Widermann v. Richardson

329 F. Supp. 636, 1971 U.S. Dist. LEXIS 13182
CourtDistrict Court, E.D. New York
DecidedMay 21, 1971
DocketNo. 70-C-744
StatusPublished
Cited by2 cases

This text of 329 F. Supp. 636 (Widermann v. Richardson) is published on Counsel Stack Legal Research, covering District Court, E.D. New York primary law. Counsel Stack provides free access to over 12 million legal documents including statutes, case law, regulations, and constitutions.

Bluebook
Widermann v. Richardson, 329 F. Supp. 636, 1971 U.S. Dist. LEXIS 13182 (E.D.N.Y. 1971).

Opinion

MEMORANDUM-DECISION AND ORDER

TRAVIA, District Judge.

This action comes on before the Court on plaintiff’s motion for summary judgment and defendant’s cross motion for summary judgment under Rule 56, Fed. R.Civ.P.

In this ease, plaintiff seeks judgment directing the defendant to pay Child’s insurance benefits under 42 U.S.C. § 402(d) for a period in 1965 and Widow’s insurance benefits under 42 U.S.C. § 402(e) for a period in 1964 and 1965.

The Social Security Administration (hereinafter the “Administration”) did not award plaintiff the benefits claimed, apparently since they related to months prior to March 1966, the first month for which plaintiff’s March 1967 application was effective. On reconsideration, the Administration adhered to its previous determination. At plaintiff’s request, a hearing was held on March 20, 1970 at which plaintiff was present. After reviewing the evidence, the hearing examiner ruled that plaintiff was not entitled to benefits prior to March 1966. (A copy of the examiner’s decision, rendered on March 31, 1970, is contained at pp. 6-9 of the Record).

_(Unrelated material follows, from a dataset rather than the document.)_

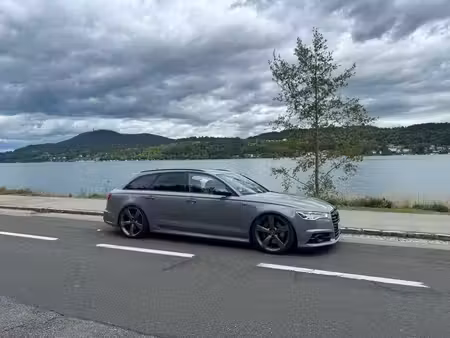 Audi A6 3.0 TDI 240 Competition quattro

The Appeals Council declined to review the examiner’s decision and that decision became the “final decision” of the Secretary. 42 U.S.C. § 405(g).

This Court has thoroughly reviewed the complaint in this action filed on June 11, 1970, the answer of the defendant filed in this Court on October 7, 1970, the entire transcript of the record of proceedings relating to the claims of the plaintiff held by the Administration, the motion papers and lengthy memoranda in support of plaintiff’s application for summary judgment, and the defendant’s cross motion and supporting memorandum for summary judgment.

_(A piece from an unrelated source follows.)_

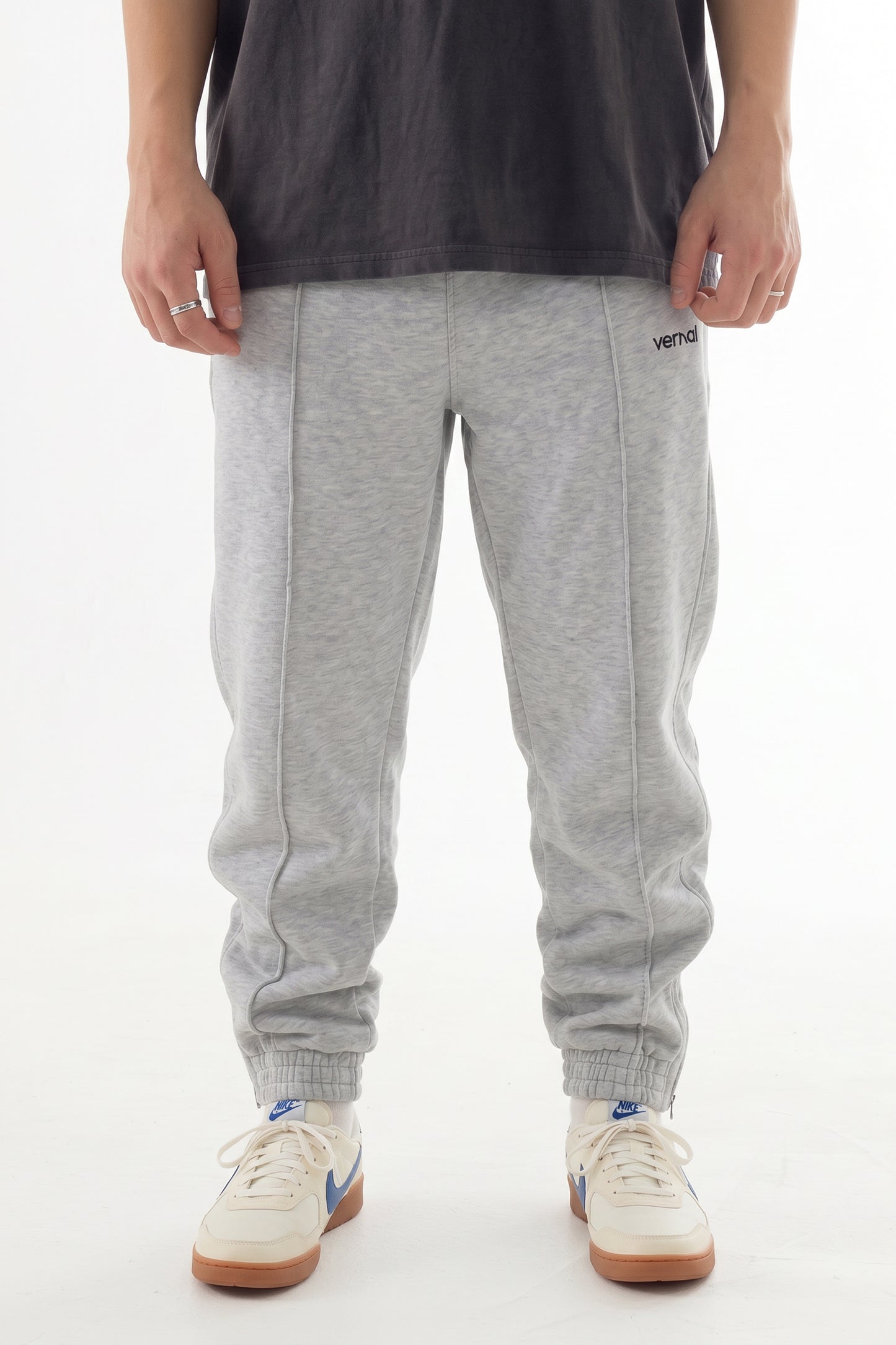 OAF Jogging (gris melange)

After hearing oral argument, researching all cited cases and independently reviewing the relevant sections of the Social Security Act (hereinafter [639]*639“the Act”), the Court finds for the defendant on his motion for summary judgment on the ground that there is no genuine issue as to any material fact and that he is entitled to judgment as a matter of law. Thus, plaintiff’s motion for summary judgment is denied and her complaint is dismissed.

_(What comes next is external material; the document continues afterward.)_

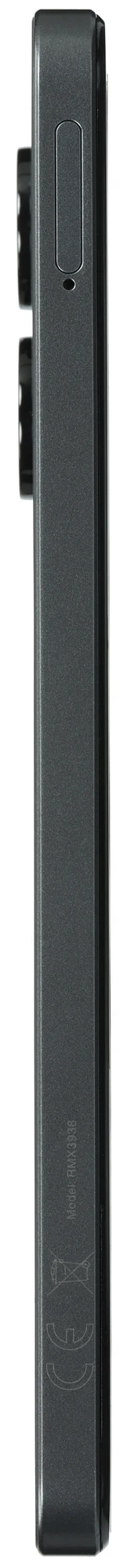 Смартфон realme Note 60x, 3/64 ГБ (Черный | Black)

The issue is whether the Secretary’s decision conforms to the applicable law and is supported by substantial evidence. (Government’s Memo of Law, p. 9). The issue is not, as plaintiff contends, whether she is entitled to certain benefits prior to March 1966. (Plaintiff’s Memo, p. 7).

It is undisputed that plaintiff did not file an application as defined in § 404.601(c) of the Regulations until March 1967, since she did not file an application on a form prescribed in Reg. § 404.602. Thus, under 42 U.S.C. § 402(j) (1) limiting the retroactive effect of an application to twelve months, plaintiff’s claim for benefits prior to March 1966 appears to be without merit. Plaintiff, however, makes several arguments to overcome this seemingly obvious result.

Plaintiff maintains that numerous letters and statements from her and her husband to the Administration, which letters and statements were written or made prior to March 1967, constitute proper applications. (Plaintiff’s Memo, pp. 8-18 details such correspondence). To overcome the effect of the Regulations (§§ 404.601(c) and 404-.602) requiring a “formal” application, plaintiff relies on § 404.601(d) of the Regulations which makes exception to the “formal” application requirements of § 404.602. The exception,, contained in § 404.613 provides that certain written statements1 may constitute the filing of an application, provided, inter alia, a “formal” application (Reg. § 404.602) is filed within 6 months. This 6 month period begins to run after the Administration notifies the applicant that a determination will be made if the applicant files a “formal” application within 6 months. Reg. § 404.613(c).

Since the Regulations clearly provide that only written statements will be considered as “informal” applications, plaintiff’s reliance on oral statements is misplaced. As to plaintiff’s written “informal” statements, her claim also fails. Even assuming them to be applications for purposes of § 404.613, no “formal” statement was filed until March 1967, more than 6 months after the “informal” applications.

Although the Administration did not notify the plaintiff as prescribed in § 404.613(c), so as to commence the running of the 6 month period within which “formal” applications must be filed, such failure is excusable here in light of plaintiff’s signed statement of April 20, 1965 and the other circumstances set forth in this decision.